Invert, always invert. For example, to understand how to be happy in life, study how to make life miserable.

If you’re thinking of a solution to a difficult problem, think forwards as well as backwards. Say you want to be happy in life, you’d have to think about what you’d do if you wanted to be sad in life. When solving difficult problems, invert, and you’re likely to find new approaches to solve the problem. In life and work, spend as much time defining the problem as you do on solving it. 

Be wary of complexity as it leads to false confidence

This one is important. I’ve seen companies get so obsessed with data and metrics that they become far removed from the business goals those metrics are set up to drive and measure.  Also, some people are not comfortable saying, “I don’t know” or know an accept the limits of things that are unknowable.  The more powerful and useful any model, the more error it tends to produce through overconfident misuse. The more complex the metric, the more likely for it to be divorced from what it was set out to measure.  Additional complexity does not mean a better solution. One quote that this reminds me of. 

How do you know macroeconomists have a sense of humor? They use decimal points.

Stay away from complicated rules and filters. They do not necessarily improve accuracy and they provide false precision. For each big decision, ask yourself: “What are the 2 or 3 things that matter most?”. Very quickly, narrow your decision making criteria to the most important and knowable facts. 
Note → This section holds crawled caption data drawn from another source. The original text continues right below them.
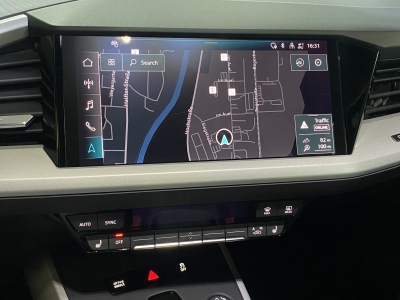 Audi Q4 40 e-tron 82 kWh LED MMI-Navi Plus SHZ PDC  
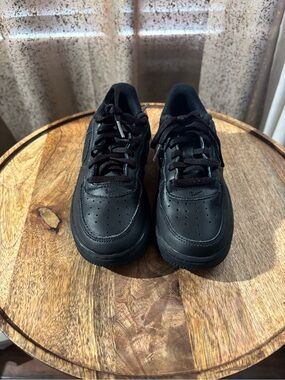 Kids Black Leather Sneakers - Classic Casual Lace-Up
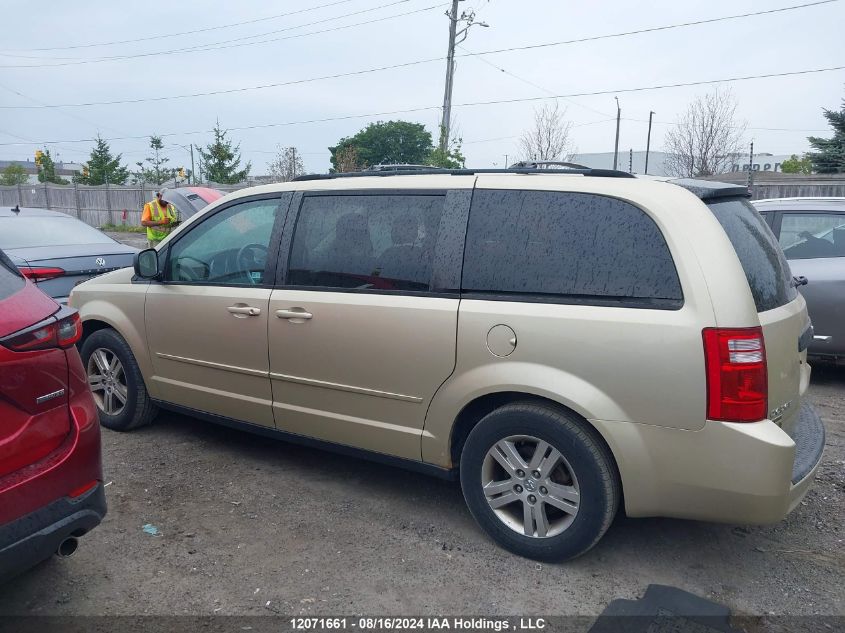 2010 Dodge Grand Caravan Se VIN: 2D4RN4DE0AR258194 Lot: 12071661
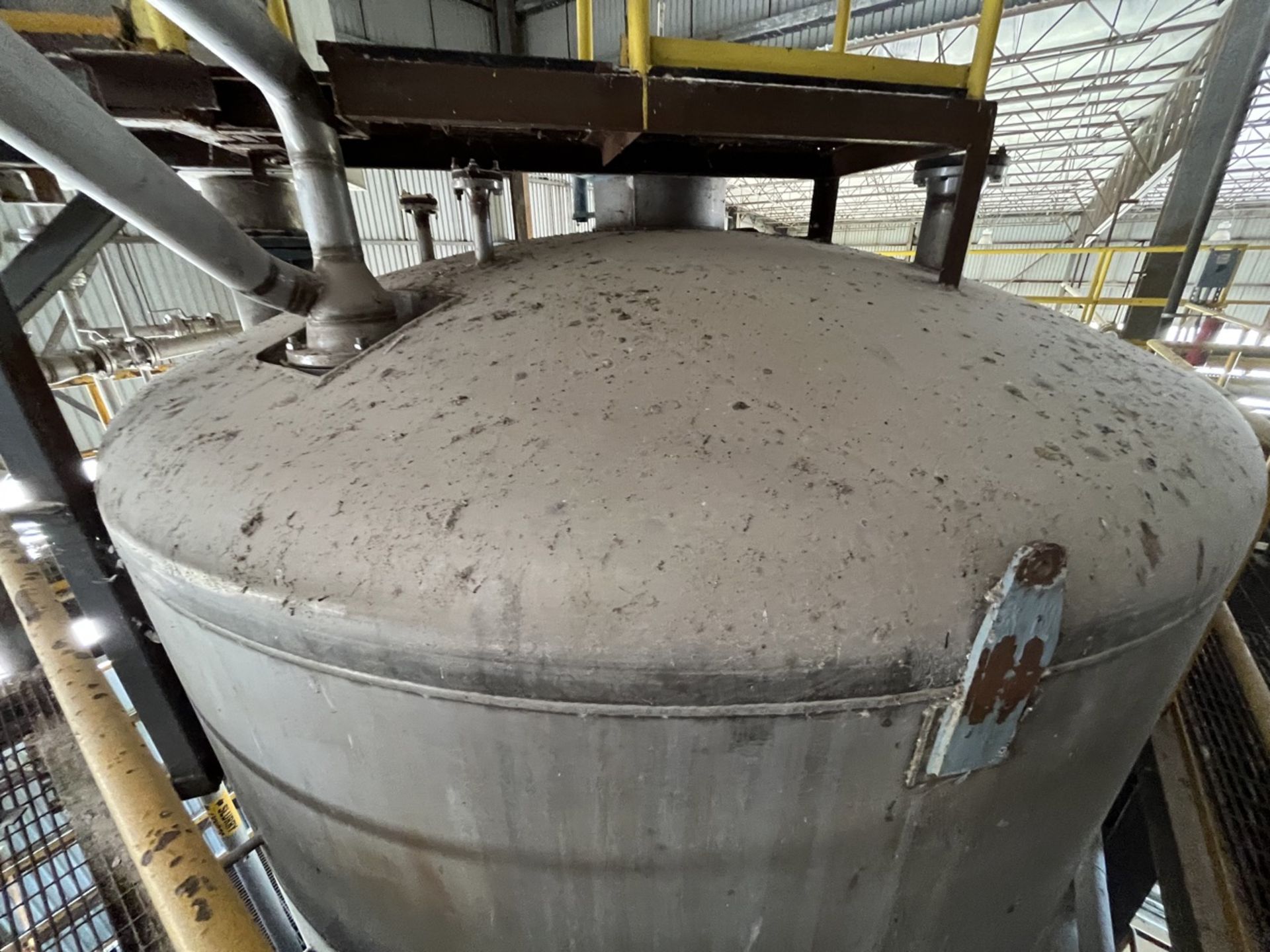 Conical storage tank with stainless steel toriesferica lid measures approximately 4.30 meters in di - Image 34 of 37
Ask yourself: What evidence should exist if my argument or hypothesis is correct?

Always remember the things that do not affect whether something is true or not

Some things are either true or not. You cannot use any of the above as a proxy for good decision-making all the time. This is especially true in complex systems, where the interactions of all the components are not fully understood. Hold yourself to a higher bar and do the work required to have an opinion.

Positive Return on Investment (ROI) is not enough reason to make an investment

You cannot merely do one thing

Second-order effects are important. In business and in life, demand more than positive ROI to justify investing money or time. Buffett gives an example of Berkshire Hathaway as a textile company. There were always positive ROI investment opportunities, but once you did invest, competitors will do the same things right away, wiping away any returns above the market. Of course,  there are investments that will have to be made for defensive purposes or meeting parity with competitors. However, many positive ROI investment opportunities can make a business  or industry look better than it does. The US textile industry was in dire straits for reasons that had little do with investment: pressure from lower-cost exports, changing consumer tastes. But there were always opportunities to “invest X and break even in 3 months”. Once you invest, however, competitors invest, lower prices and you are forced to give those savings to customers to compete. Those are not the investments that will set your business apart. Those investments are the price of entry. As a business or individual, you should have investments in parity categories of course, but also in areas that can give you a lasting advantage. Those take longer to develop and execute but more beneficial.